Game-recommendation questions were closed because everyone kept just recommending their own personal favorite game system for every question, and didn’t back up those claims the way we needed them to be backed up.
Specifically, when the problem of everyone just recommending their favorite system was first discussed, the solution was to enforce Good Subjective, Bad Subjective by requiring answers to cite actual experience doing the specific thing asked for in the recommended system. That is, we would just get inundated with answers of the form “I’m sure my personal favorite system would be great for this because...” and that wasn’t good enough. Our first step was to try enforce it through moderation tools.
It didn’t work. We still got bad answers, almost exclusively. Hence the revisit.
In short, while in theory we could have provided answers rooted in expert opinion (i.e. educated and backed-up, Good Subjective), what we actually got in practice was answers rooted in personal opinion (i.e. just a feeling, no real basis, Bad Subjective). Moderation tools (and moderator effort) just wasn’t up to the task of preventing bad answers to these questions, and/or there just weren’t enough people qualified to give good answers.
But that situation has zero similarity to this question. What’s specifically absent here is the recommendation—the querent wants to know if there are any such subsystems, not asking for any opinions on which to use. That could be a problematic list question, if there were tons and tons of them, or it was open-ended, or we expected the list to just keep growing over time. But none of those apply to a game that’s nearing 20 years obsolete.

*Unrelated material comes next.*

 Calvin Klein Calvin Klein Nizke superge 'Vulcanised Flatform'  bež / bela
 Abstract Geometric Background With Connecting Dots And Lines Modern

The reasons for banning game-rec apply only to game-rec, and that’s the only thing the site has ever had consensus on.
There was a large discussion in which the community reluctantly agreed that game-recommendation had to be made off-topic, because of all these problems.

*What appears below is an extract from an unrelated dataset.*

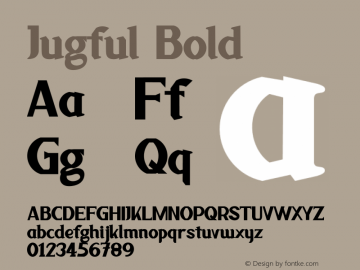 Jugful Bold Version 1.001;Fontself Maker 3.5.4图片样张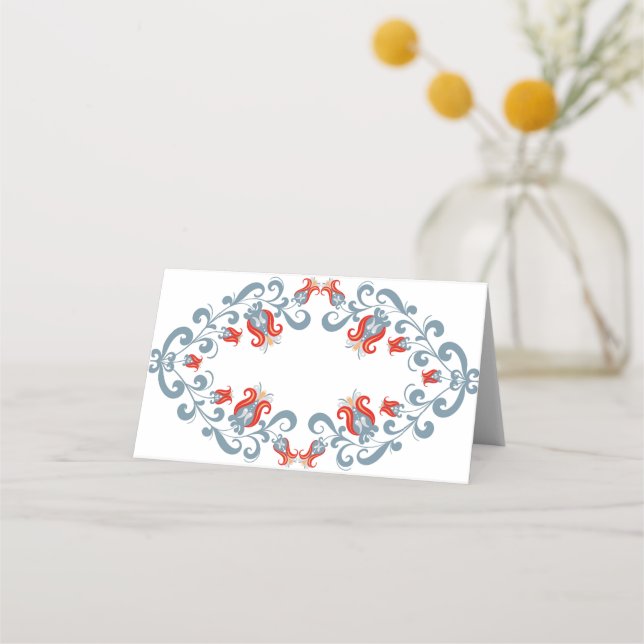 Tarjeta De Asiento Cartas de lugar de Velkommen de Arte Popular Escan (Anverso)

In response, the ♦ moderators of the time declared all recommendation questions off-topic. There was never any discussion of this, there was never any consensus built for this, and there was a major fight over it on the topic of tool recommendations. In the end, the ♦ moderators of the time simply declared “we are the moderators, and this is what we have decided.”
This was not, to put it mildly, how the system was supposed to work. This was not, to put it mildly, a good time for the site. No one on the site should be giving that “policy” the breadth it claimed; it was claimed illegitimately.